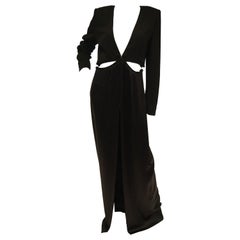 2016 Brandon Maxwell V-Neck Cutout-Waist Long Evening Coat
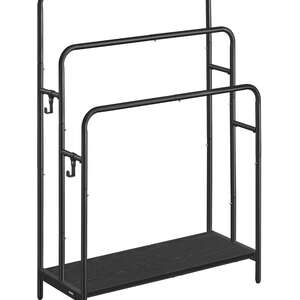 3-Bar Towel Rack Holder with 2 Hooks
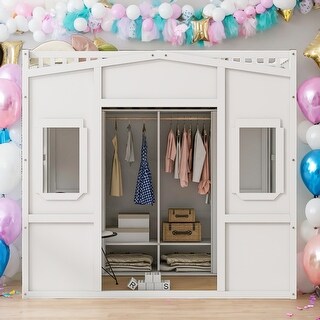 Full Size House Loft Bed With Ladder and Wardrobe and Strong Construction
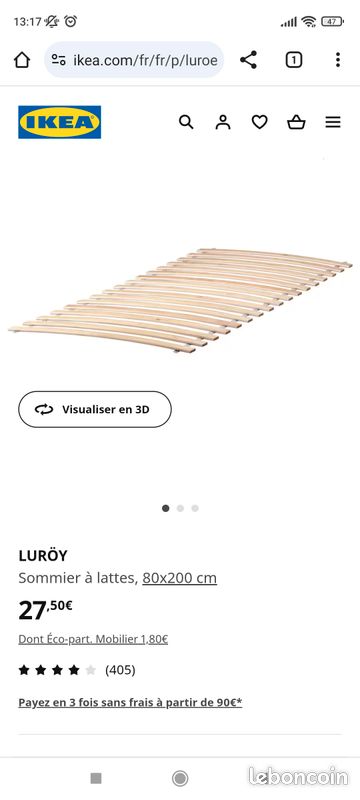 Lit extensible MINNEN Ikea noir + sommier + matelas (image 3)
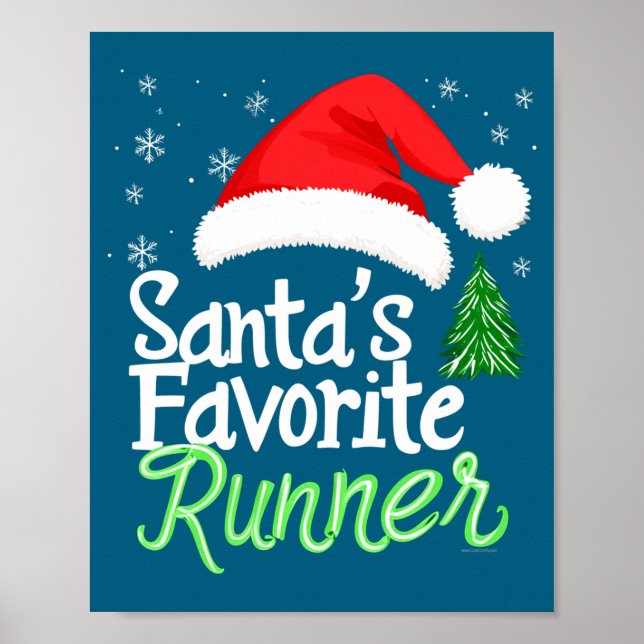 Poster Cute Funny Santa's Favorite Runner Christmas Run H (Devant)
==
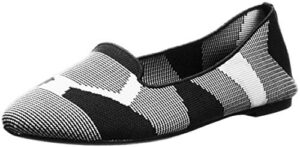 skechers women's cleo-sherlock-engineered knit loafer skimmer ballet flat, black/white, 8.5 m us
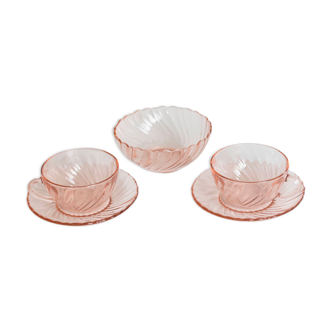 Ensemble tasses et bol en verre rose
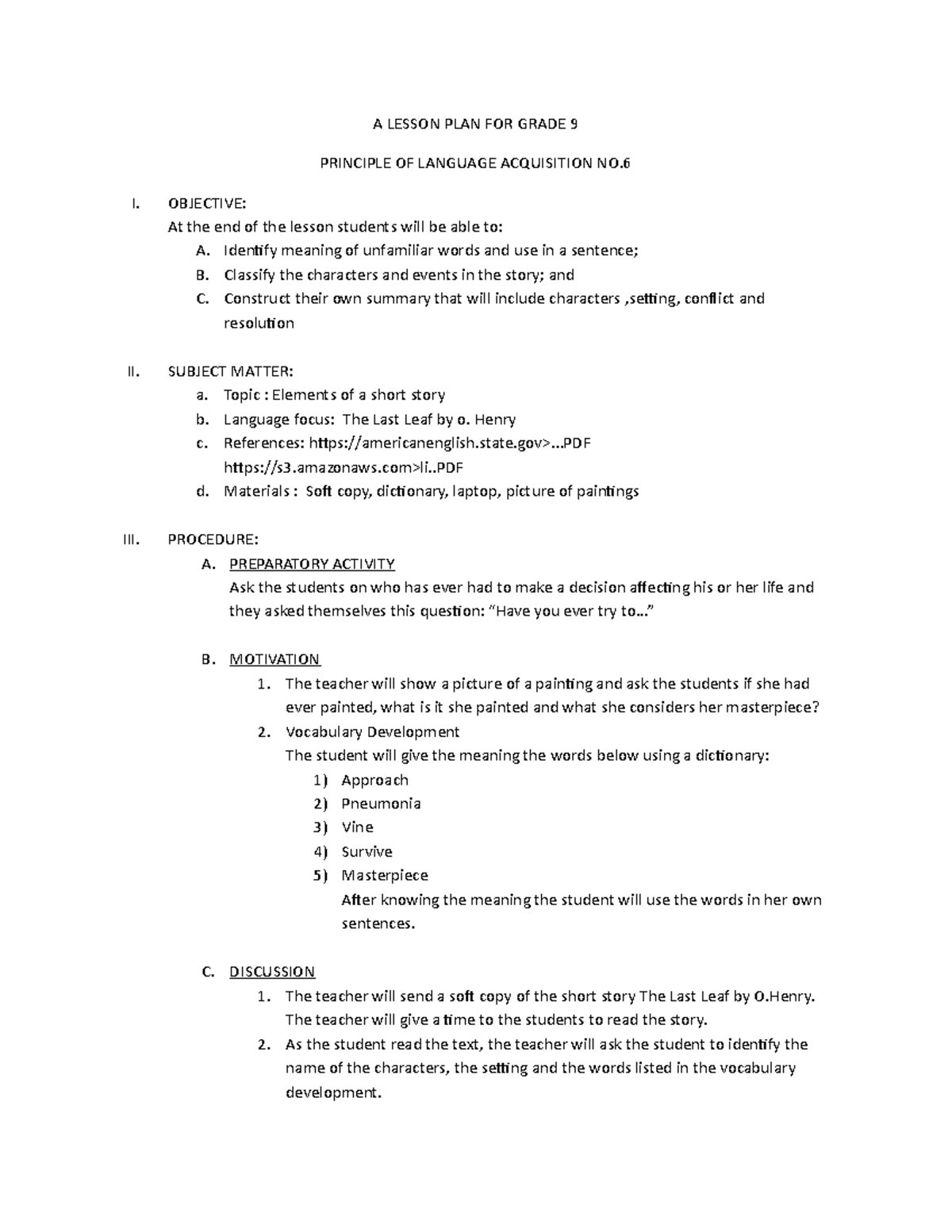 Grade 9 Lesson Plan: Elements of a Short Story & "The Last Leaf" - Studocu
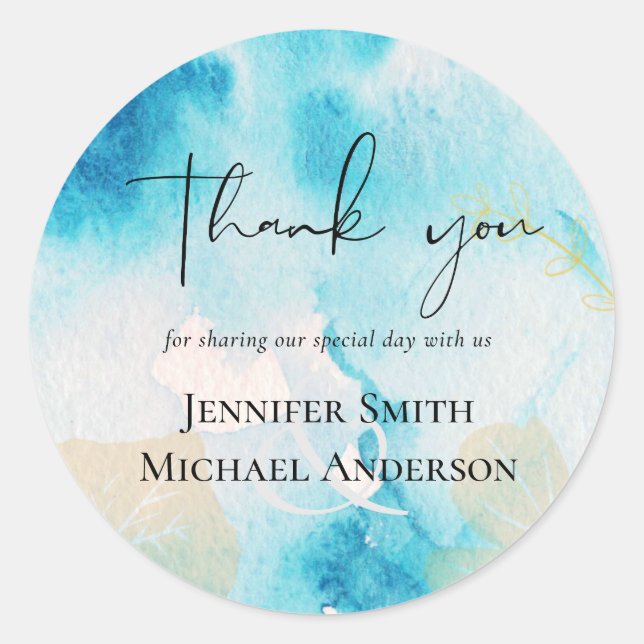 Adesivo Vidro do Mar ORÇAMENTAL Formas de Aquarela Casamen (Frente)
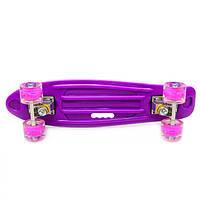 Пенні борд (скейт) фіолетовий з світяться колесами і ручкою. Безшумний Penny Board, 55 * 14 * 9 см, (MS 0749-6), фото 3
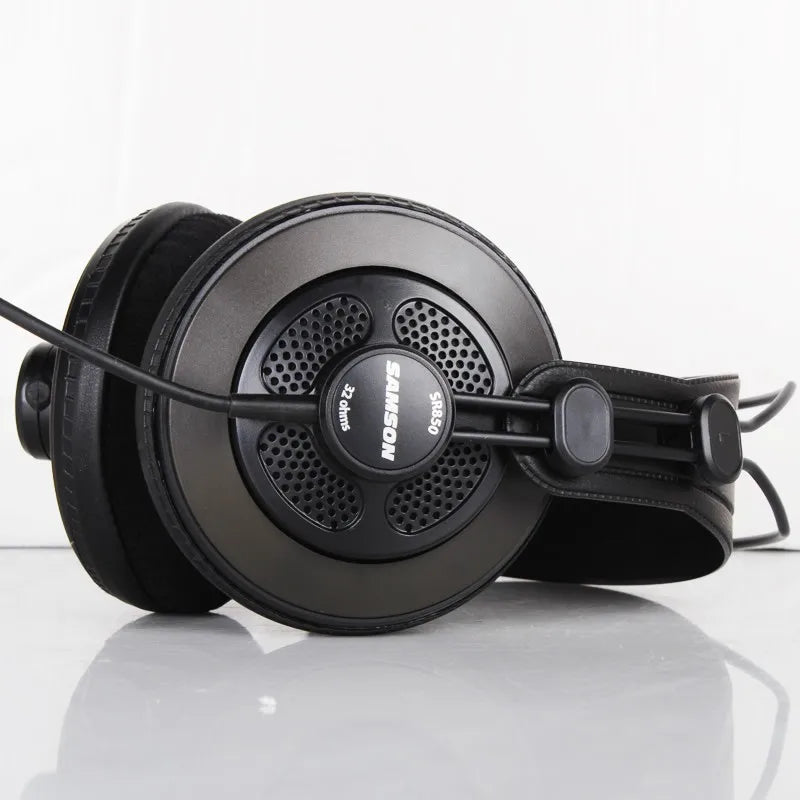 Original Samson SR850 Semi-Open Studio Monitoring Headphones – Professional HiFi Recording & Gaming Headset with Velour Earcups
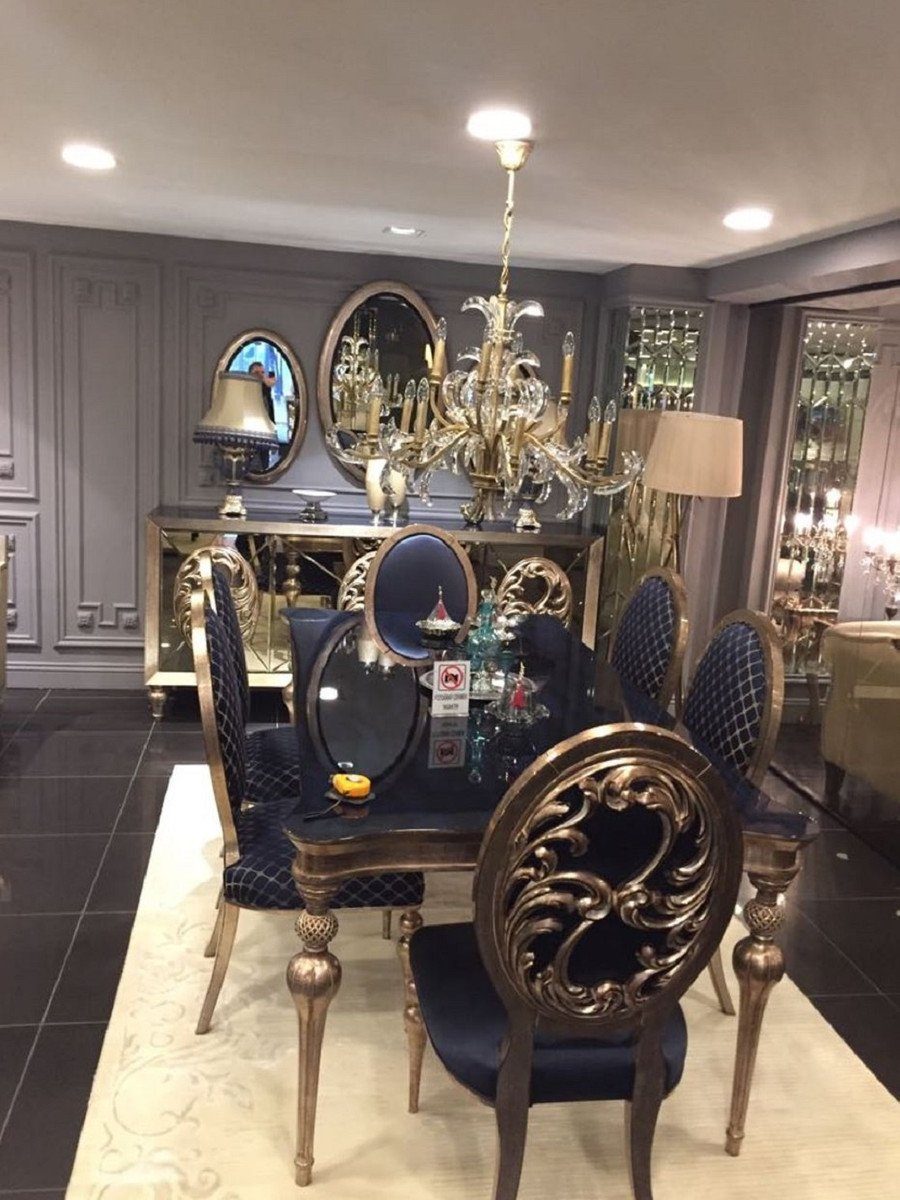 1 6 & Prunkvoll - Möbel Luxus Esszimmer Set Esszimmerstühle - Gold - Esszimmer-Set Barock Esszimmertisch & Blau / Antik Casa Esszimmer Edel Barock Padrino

■ **WORK REQUEST**:
Above this task is a listing with pictures in it. Retype only the lines from the one containing "Original Samson SR850" through the one containing "1 6 & Prunkvoll", both included, and not the pictures.

■ **RESPONSE**:
 Original Samson SR850 Semi-Open Studio Monitoring Headphones – Professional HiFi Recording & Gaming Headset with Velour Earcups
 1 6 & Prunkvoll - Möbel Luxus Esszimmer Set Esszimmerstühle - Gold - Esszimmer-Set Barock Esszimmertisch & Blau / Antik Casa Esszimmer Edel Barock Padrino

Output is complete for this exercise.